Paketin 507 milyar dolarlık kısmı harcama, 282 milyar dolarlık kısmı ise vergi kesintilerinden oluşuyordu. Harcamaların yüzde 37’si altyapı alanındaydı. Çin ise 8.000 kilometrelik yeni hızlı tren demiryolu yatırımları dahil olmak üzere altyapıya dayalı bir harcama paketini başlattı. Sonuçta, diğer faktörlerin de etkisiyle Çin’de büyüme oranları krizin ilk yıllarında yüksek seyretti. Avrupa Birliği ülkeleri ve Japonya da yine kriz sonrasında genişleyici maliye politikaları ortaya koydular ancak bunlarda alt yapı harcamaları yer almadı; ya da çok az yer aldı. Ancak altyapı harcamaları sadece ekonomiyi canlandırmayı hedefleyen maliye politikalarının konusu değil. Altyapı yatırımları büyük ölçüde devletler tarafından yapılıyor ve amacı ilerideki on yıllarda ekonomi genelinde verimlilikleri artırarak büyüme oranlarını yükseltmek.

En basit örnek; bir tarım havzası eğer ulaştırma ağlarıyla pazara bağlantılandırılmamışsa çiftçiler tarım üretimi gerçekleştirmiyorlar ve böylece ülkenin toprak ve emek kaynakları değerlendirilmemiş oluyor. Yapılan çalışmalar altyapı yatırımlarının ekonomiye bu çerçevede önemli faydalar getirdiğini gösteriyor. Bu konuda ilk ve en önemli akademik araştırmaları yapan Aschauer, altyapı stoğu ile üretkenlik arasında oldukça göze çarpan esneklikler olduğunu söylüyor. Aschauer’e göre, kamu tarafından inşa edilen altyapı stoğunu yüzde bir oranında artıran yatırım ekonomi genelindeki toplam faktör verimliğini ve dolayısıyla gayrisafi yurtiçi hasılayı yüzde 0,39 oranında artırıyor.

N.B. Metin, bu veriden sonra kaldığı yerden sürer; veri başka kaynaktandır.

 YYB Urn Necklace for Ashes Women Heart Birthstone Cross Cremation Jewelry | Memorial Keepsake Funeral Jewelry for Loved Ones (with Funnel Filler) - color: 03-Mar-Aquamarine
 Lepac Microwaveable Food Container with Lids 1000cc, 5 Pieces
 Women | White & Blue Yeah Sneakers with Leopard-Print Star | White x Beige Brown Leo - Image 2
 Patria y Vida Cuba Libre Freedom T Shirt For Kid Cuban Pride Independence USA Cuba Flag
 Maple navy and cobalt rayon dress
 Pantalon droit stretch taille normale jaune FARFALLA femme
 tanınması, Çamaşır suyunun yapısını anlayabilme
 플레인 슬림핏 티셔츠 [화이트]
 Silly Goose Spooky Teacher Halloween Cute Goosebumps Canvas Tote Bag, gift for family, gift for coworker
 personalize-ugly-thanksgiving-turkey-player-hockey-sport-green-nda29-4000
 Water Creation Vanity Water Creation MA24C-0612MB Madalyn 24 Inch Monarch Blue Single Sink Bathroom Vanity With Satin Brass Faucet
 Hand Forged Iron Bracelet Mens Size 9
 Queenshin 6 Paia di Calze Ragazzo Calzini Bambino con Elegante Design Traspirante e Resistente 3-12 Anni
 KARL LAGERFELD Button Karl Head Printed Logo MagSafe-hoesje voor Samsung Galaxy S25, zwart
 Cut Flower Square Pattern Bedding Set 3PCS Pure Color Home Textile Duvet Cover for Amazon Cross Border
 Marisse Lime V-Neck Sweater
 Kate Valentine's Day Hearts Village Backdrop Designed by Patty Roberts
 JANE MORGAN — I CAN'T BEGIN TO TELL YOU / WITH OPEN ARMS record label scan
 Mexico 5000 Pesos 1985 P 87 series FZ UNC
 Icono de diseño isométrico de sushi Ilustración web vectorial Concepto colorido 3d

Ulaştırma, su, kanalizasyon gibi temel altyapı yatırımlarında ise esneklik bu rakam yüzde 0,24 olarak belirlenmiş.

Sonraki çalışmalarda Aschauer’inkilerden daha düşük esneklikler hesaplandı. Şu anda genel bir kural olarak yüzde kabul gören esneklikler 0,15 seviyesinde. Daha düşükleri de hesaplanmış olsa da bu esneklikler esasında altyapı harcamalarının oldukça önemli bir ekonomik etkiye sahip olduğunu gösteriyor. Bir ülkedeki altyapı stoğunun ülkenin GSYH’sına denk olduğunu varsayarsanız, bir liralık altyapı harcamasının GSYH’yı kalıcı olarak 15 kuruş büyüttüğü sonucuna ulaşırsınız; yıllara sari olduğu için oldukça önemli bir katkı. Tersinden de gidebiliriz; eğer mevcut altyapı stoğunuzu kaybederseniz (örneğin yeterli bakım onarım yatırımlarını yapmayarak) GSYH’nız büyümeyi bırakın küçülecektir. Altyapısı eskimiş bir ülkeye yerli olsun yabancı olsun hangi yatırımcı yatırım yapar? Avrupa Birliği’nde senede ortalama 500 milyar avro civarında brüt enerji ve ulaştırma yatırımı yapılıyor. Bunun bir kısmı eski sermaye stoğunun bakım, onarım ve yenilenmesine harcanıyor.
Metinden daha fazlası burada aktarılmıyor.